Interview - Ökonom Schnabl: Müssen durch das Tal der Tränen durch
Die Wirtschaft steckt in der Krise, Stellenabbau im großen Stil ist in der deutschen Industrie angekommen. Gunther Schnabel von der Denkfabrik Flossbach von Storch sagt: Es braucht grundlegende Reformen.
Die negativen Wirtschaftsmeldungen reißen nicht ab: Deutschlands größte Stahlfirma Thyssenkrupp Steel will die Zahl der Arbeitsplätze um 11 000 reduzieren; wichtige Autozulieferer wie Bosch oder ZF Friedrichshafen planen ebenfalls, Tausende Stellen zu streichen; und Europas größter Autobauer Volkswagen spricht erstmals in der Firmengeschichte davon, Werke im Inland zu schließen. Dazu steht Deutschland vor dem zweiten Rezessionsjahr in Folge.
Was läuft da schief, und wie kommt die größte Volkswirtschaft Europas da wieder raus? Der Ökonom Gunther Schnabl, Direktor des Think Tanks Flossbach von Storch Research Institute, sieht viele Faktoren, die die Wettbewerbsfähigkeit der deutschen Industrie derzeit reduzierten: "Die hohen Energiepreise sind das Eine, wir haben aber auch einen hohen Arbeitskräftemangel und sehr umfassende, tiefeingreifende Regulierungen." Das alles führe nun vermehrt zum Abbau von Arbeitsplätzen und somit zu Arbeitslosigkeit.
Schnabl: Lange hat man die hohen Kosten nicht gespürt
Die jetzige Krise war vorauszusehen, sagt Schnabl: "Lange Zeit hat man die hohen Energiekosten und auch die hohen Regulierungskosten nicht gespürt, weil die Europäische Zentralbank die Zinsen sehr niedrig gehalten hat. Jetzt musste sie aber in Reaktion auf die steigende Inflation ab 2022 die Zinsen stark erhöhen. Und jetzt hat die deutsche Industrie hohe Energiekosten, hohe Lohnkosten und deutlich gestiegene Finanzierungskosten. Und damit war die Krise auch abzusehen."

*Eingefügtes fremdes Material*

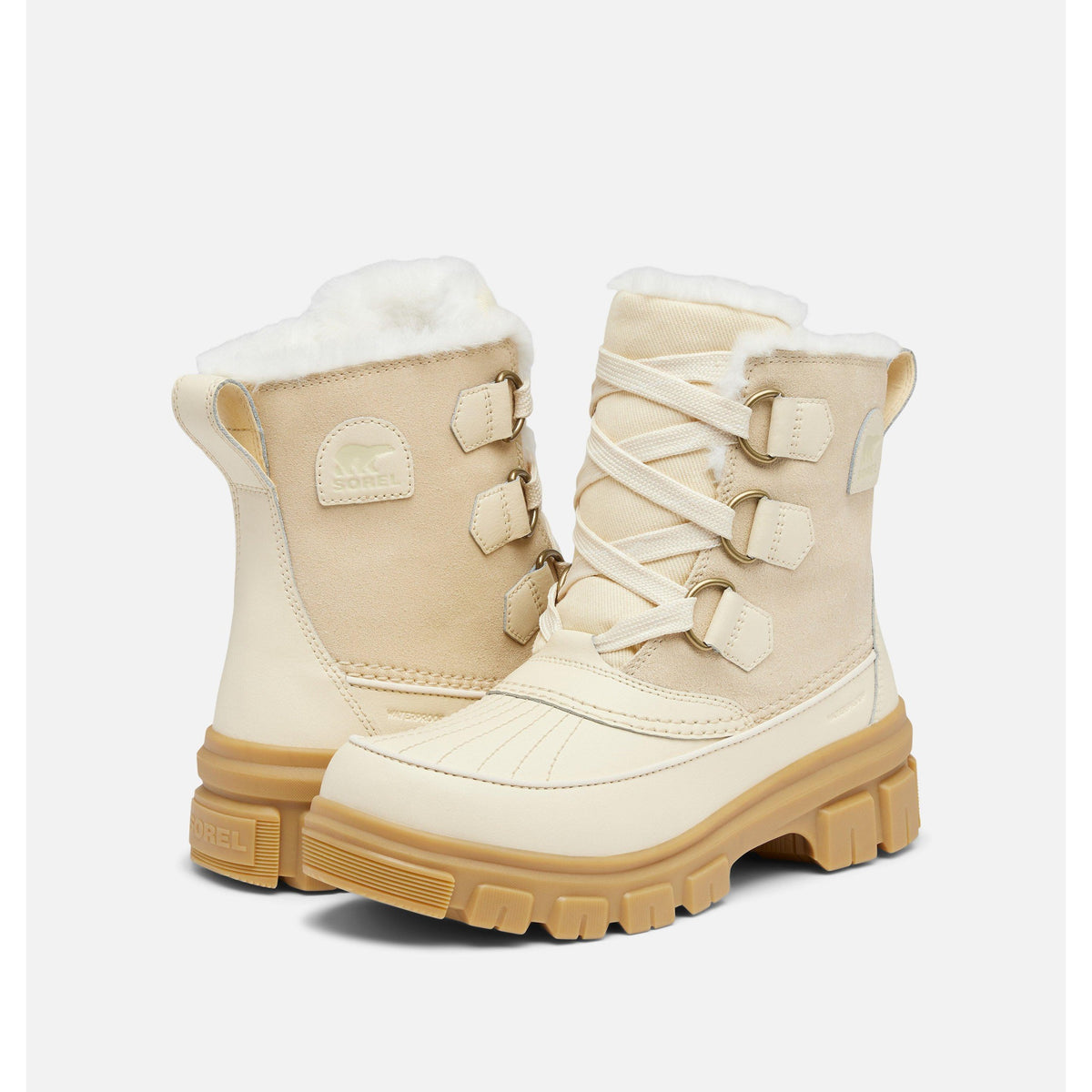 Sorel Womens Tivoli V WP - Honey White, Sea Salt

Wachstum könne nur durch grundlegende Reformen entstehen. Doch Hoffnung auf schnelle Besserung macht der Ökonom nicht: "Wir müssen durch das Tal der Tränen gehen. Wir müssen die Reformen zügig anpacken […] und dann wird sich mit etwas Verzögerung die wirtschaftliche Lage auch wieder verbessern. Wir werden aber um die grundlegenden Reformen nicht herumkommen und kurzfristige Politikansätze werden diese grundsätzlichen Probleme auch nicht lösen."